Segment Start: The input

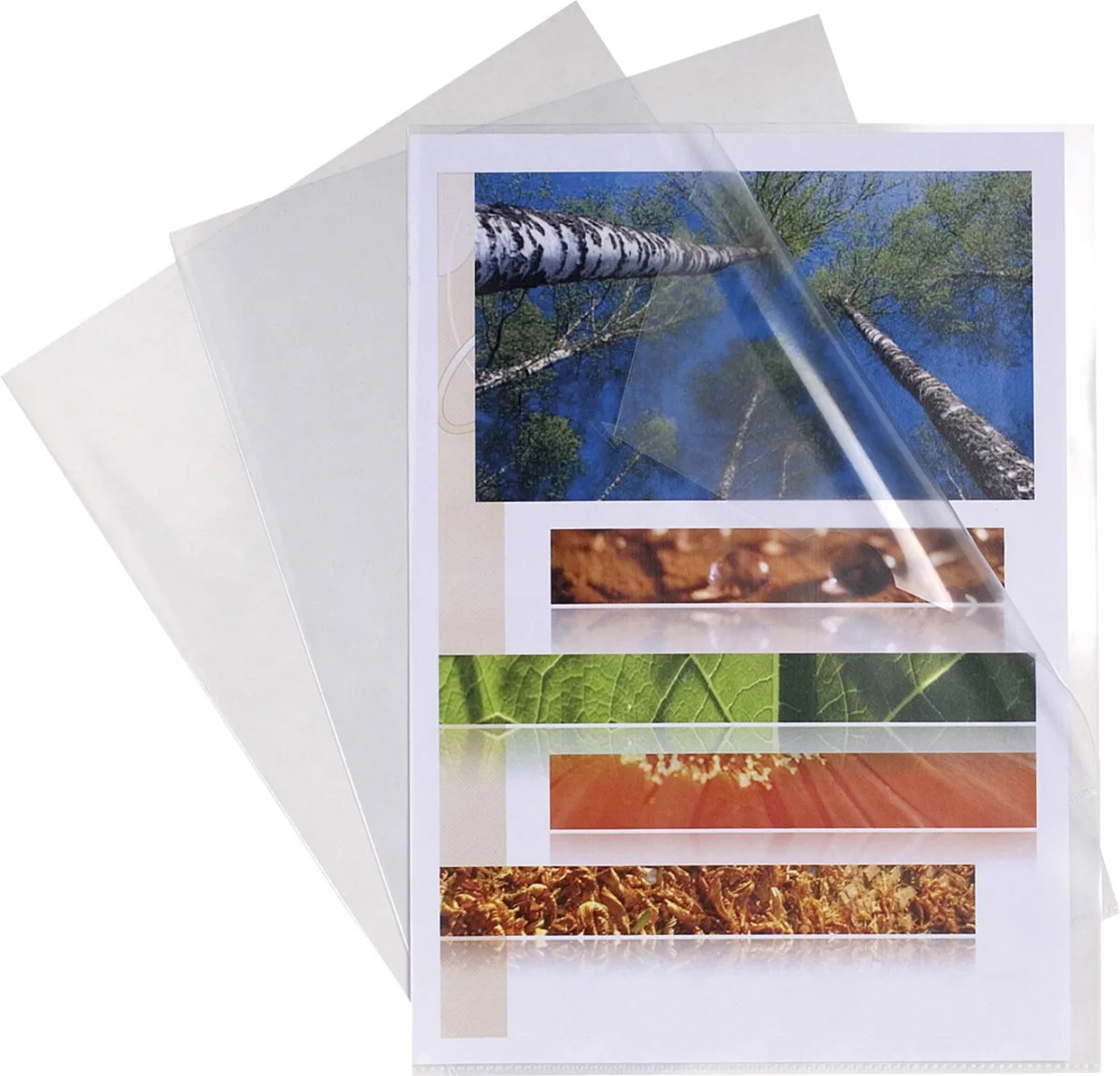 Exacompta 10x Pak 100 L-mappen - gestructureerde PP 12/100e - A5 - 58600E by Exacompta in Transparent – product photo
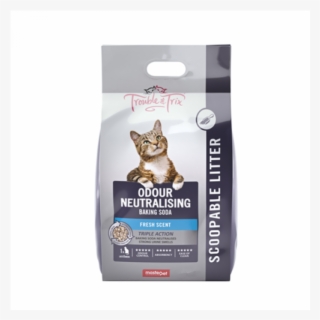 Click Image For Gallery - Litter Box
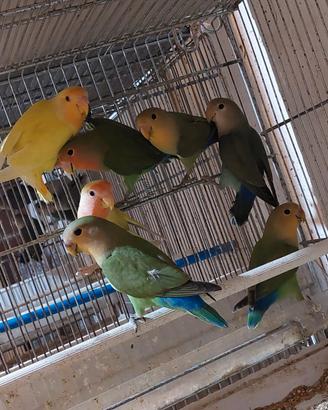 Inseparabili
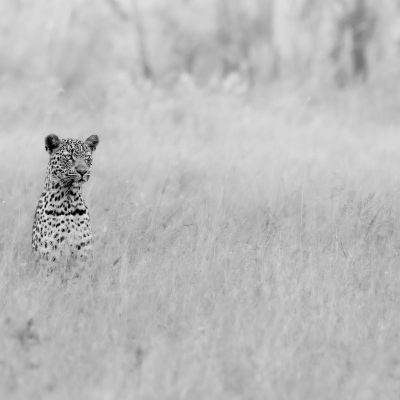 Rixaka-BW-00 The Silent Watcher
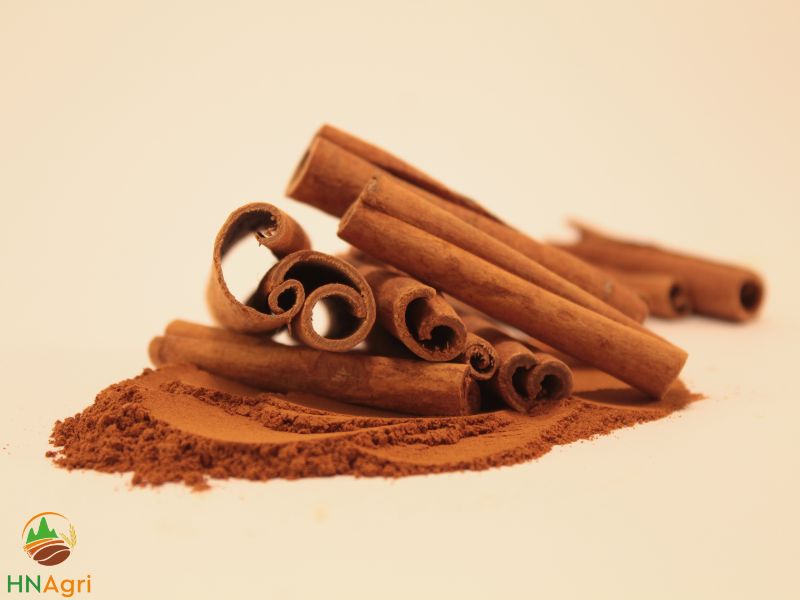 the-best-supplier-of-vietnamese-cinnamon-is-hanoi-cinnamon-company-2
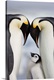 image thumbnail of Emperor Penguins And Chick In Antarctica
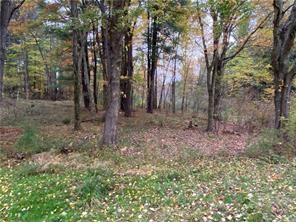 0 Country Club Road — photo 3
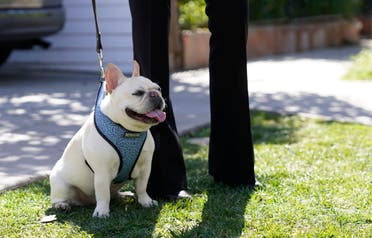 A French bulldog sits near an area on North Sierra Bonita Ave. where Lady Gaga's dog walker was shot and two of her French bulldogs stolen, Thursday, Feb. 25, 2021. (AP)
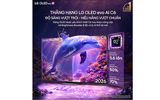TV OLED evo LG AI 4K C6 55 inch OLED55C6PSA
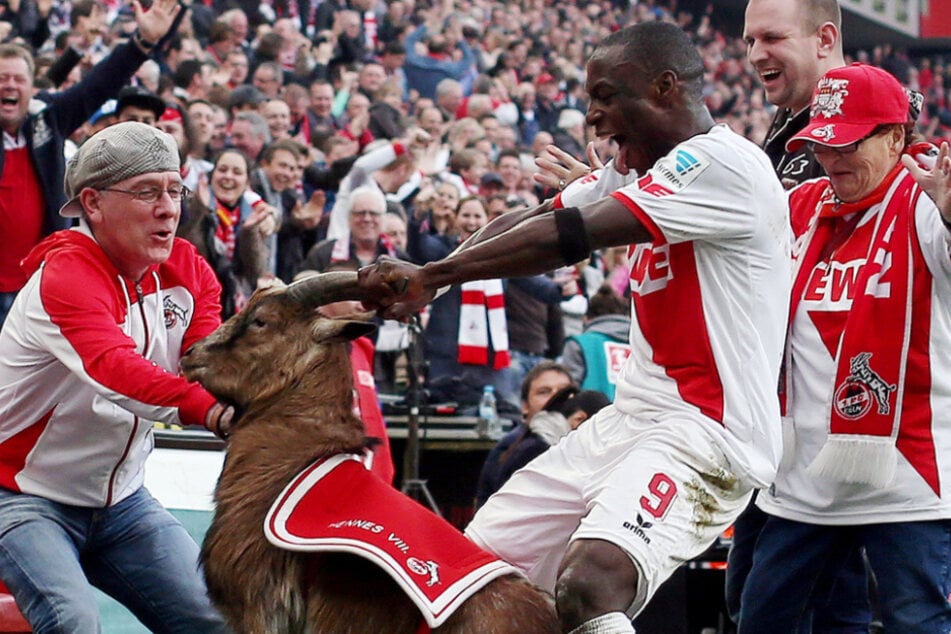 Im Jahr 2015 sorgte FC-Stürmer Anthony Ujah (34) für einen Skandal, als er im Jubelrausch Hennes VIII. an den Hörnern packte.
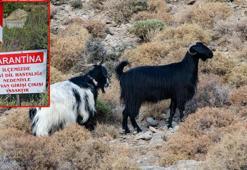 Datça'da 'mavi dil hastalığı' karantinası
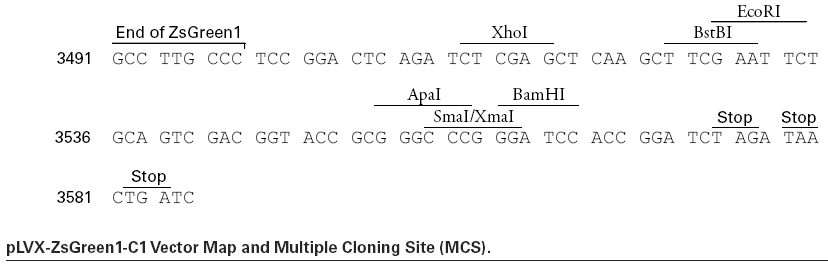 pLVX-ZsGreen1-C1多克隆位点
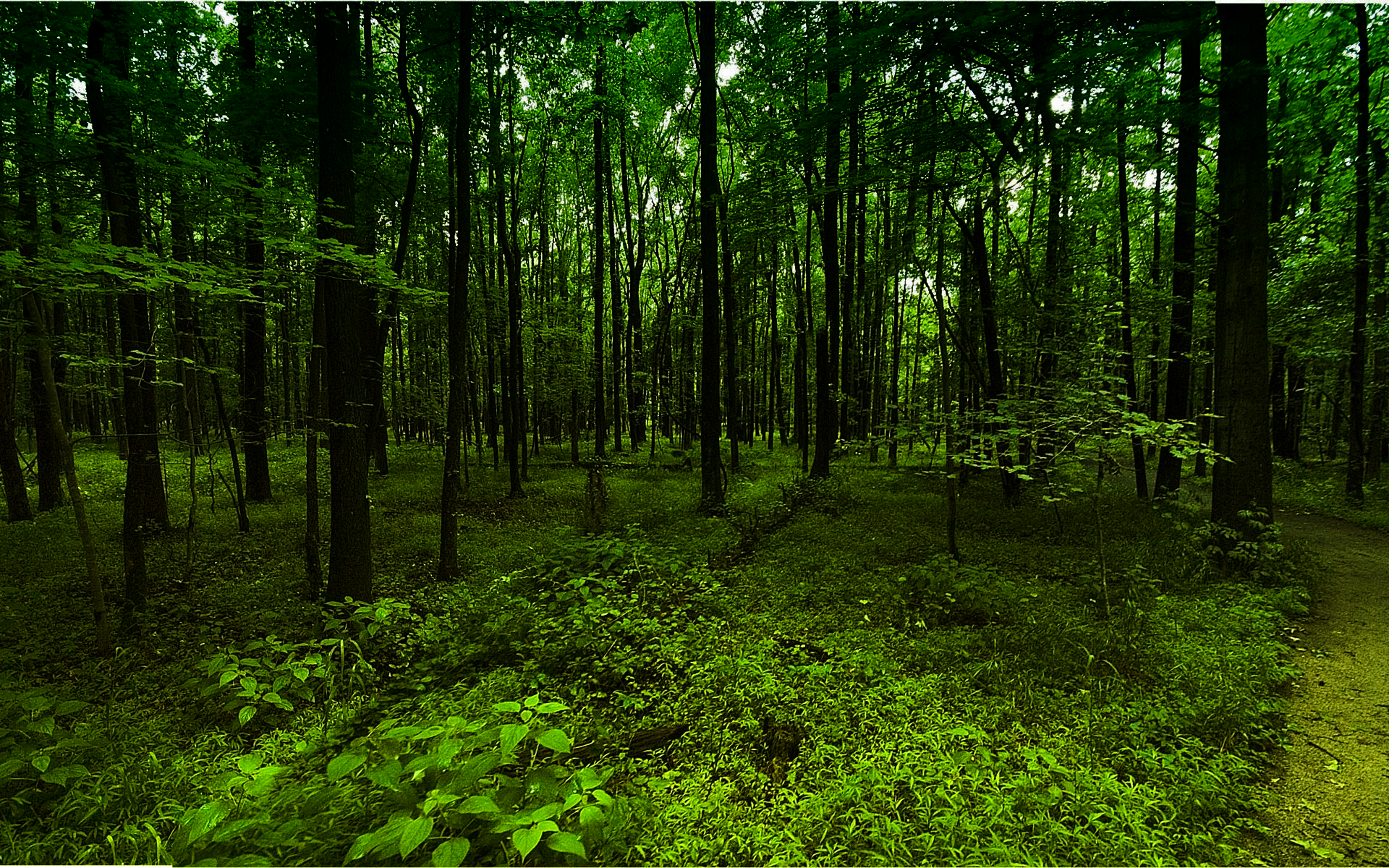 dark green forest background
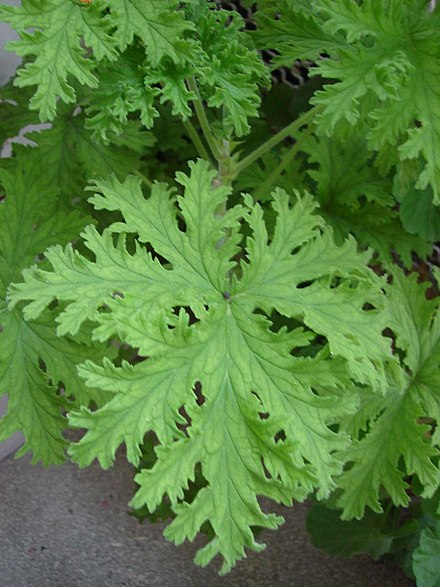 Растения с резными. Пеларгония Полистар. Austriana пеларгония. Pelargonium Roseum. Герань Pelargonium Roseum.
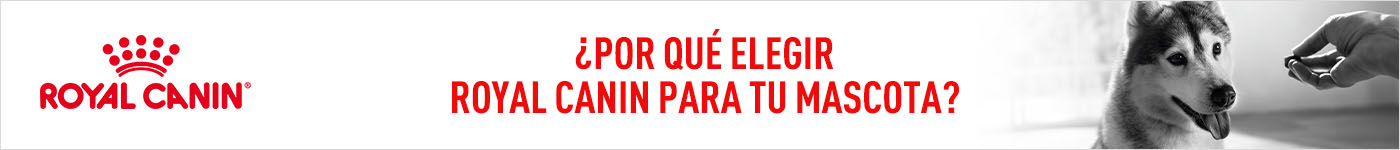 ¿Por qué elegir Royal Canin? Más de 55 años observando científicamente a las mascotas para entender sus necesidades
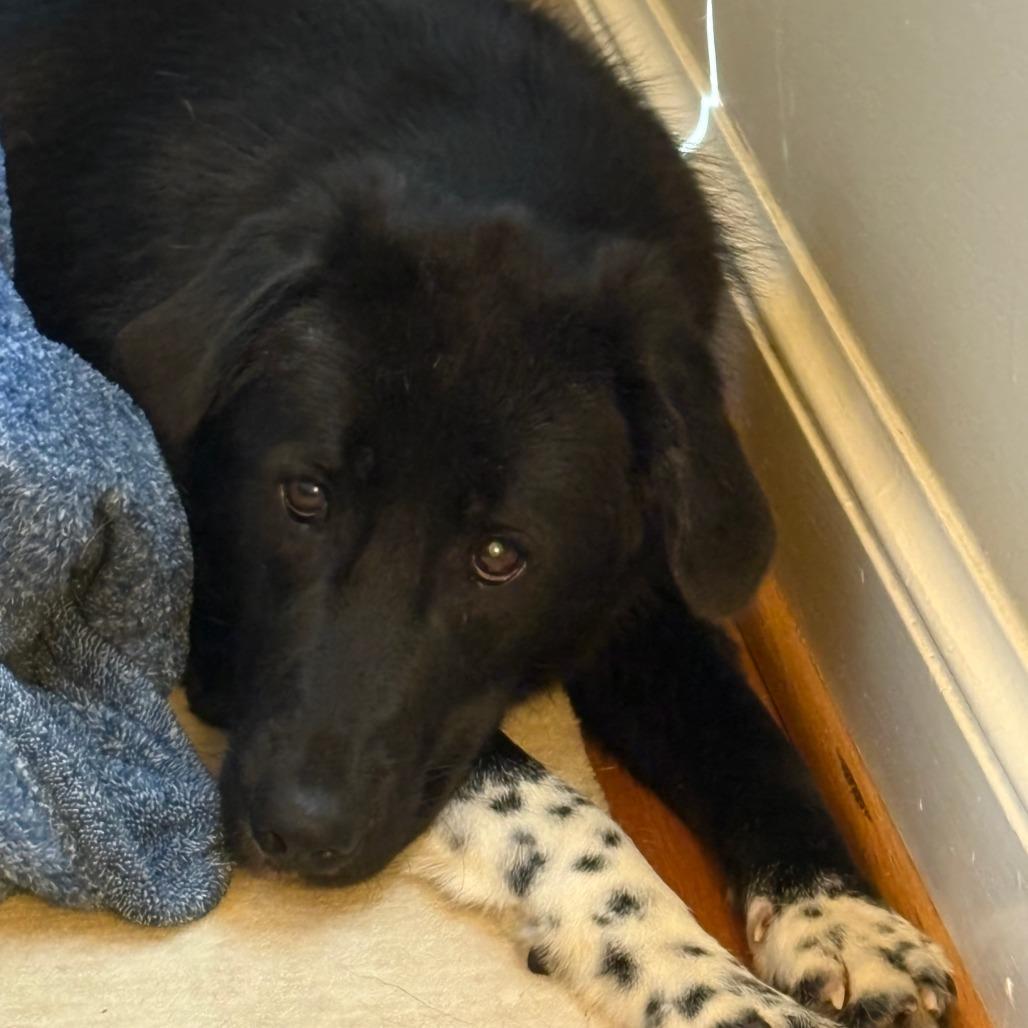 Maizie Fka Gypsy photo 1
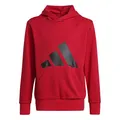 Produktbild: adidas Unisex Kids Essentials Big Logo Hoodie, Pure Ruby/Black, 9-10 Years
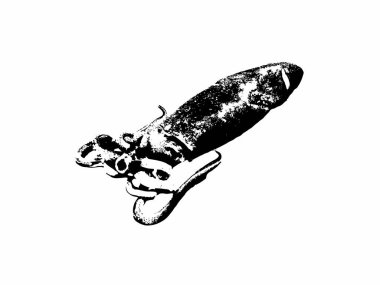 Kalamar, balık koleksiyonu. Sağlıklı yaşam tarzı, lezzetli yemekler. El çizimi resimler, siyah beyaz grafikler.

Segment End: The input

Exercise requirements:
What is wanted is a word-for-word restatement of the entries, without their images.

Written response:
 Exacompta 10x Pak 100 L-mappen - gestructureerde PP 12/100e - A5 - 58600E by Exacompta in Transparent – product photo
 Click Image For Gallery - Litter Box
 Inseparabili
 Rixaka-BW-00 The Silent Watcher
 the-best-supplier-of-vietnamese-cinnamon-is-hanoi-cinnamon-company-2
 image thumbnail of Emperor Penguins And Chick In Antarctica
 0 Country Club Road — photo 3
 A French bulldog sits near an area on North Sierra Bonita Ave. where Lady Gaga's dog walker was shot and two of her French bulldogs stolen, Thursday, Feb. 25, 2021. (AP)
TV OLED evo LG AI 4K C6 55 inch OLED55C6PSA
 Im Jahr 2015 sorgte FC-Stürmer Anthony Ujah (34) für einen Skandal, als er im Jubelrausch Hennes VIII. an den Hörnern packte.
 Datça'da 'mavi dil hastalığı' karantinası
 pLVX-ZsGreen1-C1多克隆位点
 dark green forest background
 Растения с резными. Пеларгония Полистар. Austriana пеларгония. Pelargonium Roseum. Герань Pelargonium Roseum.
 ¿Por qué elegir Royal Canin? Más de 55 años observando científicamente a las mascotas para entender sus necesidades
 Maizie Fka Gypsy photo 1
 Produktbild: adidas Unisex Kids Essentials Big Logo Hoodie, Pure Ruby/Black, 9-10 Years
 Kalamar, balık koleksiyonu. Sağlıklı yaşam tarzı, lezzetli yemekler. El çizimi resimler, siyah beyaz grafikler.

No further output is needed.